Patrick Kelly, Ph.D, discusses problem gambling research after receiving $5,000 grant
By: Brady Manzanares ’25

Patrick Kelly, Ph.D., the Michael A. Ruane Professor of Accountancy, has been an impactful faculty member at Providence College since 2001, which he quantifies by the success of his students. There are students who he taught as accounting undergraduates who are now partners at Big Four accounting firms.
Kelly is the recipient of two recent accolades. He received a $5,000 grant from the Connecticut Council on Problem Gambling and was honored with the Excellence in Accounting Ethics Education Award by the American Accounting Association Public Interest Section.
Kelly explains that he became aware of the problem gambling grant and simply wanted to learn more. Instead of sending him the info, the Council invited him to apply. The funds helped him promote problem gambling awareness with the primary focus on sports betting, which Kelly recognizes as a prevalent issue among the college student demographic. With the help of the Personal Counseling Center and Rhode Island Lottery, he held a program in April expecting a few interested students to attend. Instead, 150 showed up. His work is already having an impact, and he hopes that the education around sports betting and problem gambling will continue to gain traction in the Providence College community.
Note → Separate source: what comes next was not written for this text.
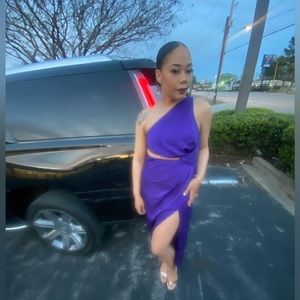 ASOS one shoulder, split mid dress. To DIE for..so simple, yet elegant.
Kelly first became aware of the detrimental impact of problem gambling in his hometown of Ledyard, Connecticut, where he delved more deeply into specific cases during a sabbatical in 2008. Cases of individuals with clean records motivated to steal from their workplace to support a gambling addiction occurred more often than expected. This finding led to “Casino Gambling and Workplace Fraud,” a paper Kelly published on the subject with his colleague, Carol Hartley, CPA, in 2010. It describes the important considerations managers within a 50-mile radius of a casino should address to prevent large financial losses. The paper has been referenced more than 125 times and downloaded over 2,100 times.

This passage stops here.